→ **AIM OF THE EXERCISE**:
Exactly as they appear below, repeat the lines from the one with "a nug a day keeps the cancer away ." through the one with "心情板框架干玫瑰在紫色纹理背景平lay图片下载", and no others.

→ **AVAILABLE RECORDS**:
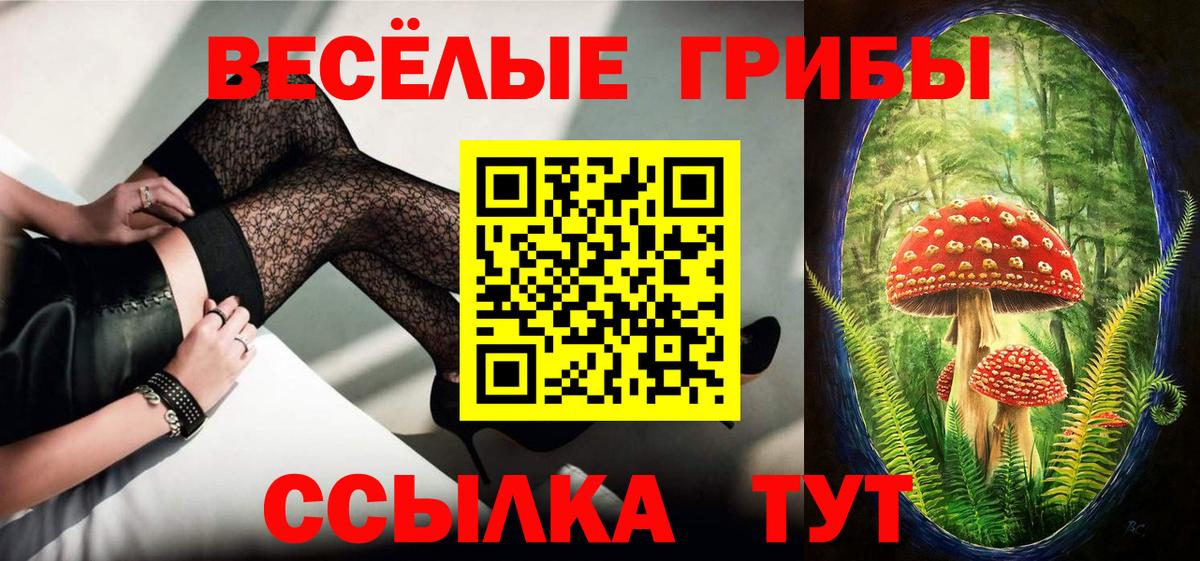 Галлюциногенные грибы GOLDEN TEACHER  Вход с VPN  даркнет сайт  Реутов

--

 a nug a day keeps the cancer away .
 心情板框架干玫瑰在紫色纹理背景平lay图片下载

→ **ANSWER TO THIS EXERCISE**:
 a nug a day keeps the cancer away .
 心情板框架干玫瑰在紫色纹理背景平lay图片下载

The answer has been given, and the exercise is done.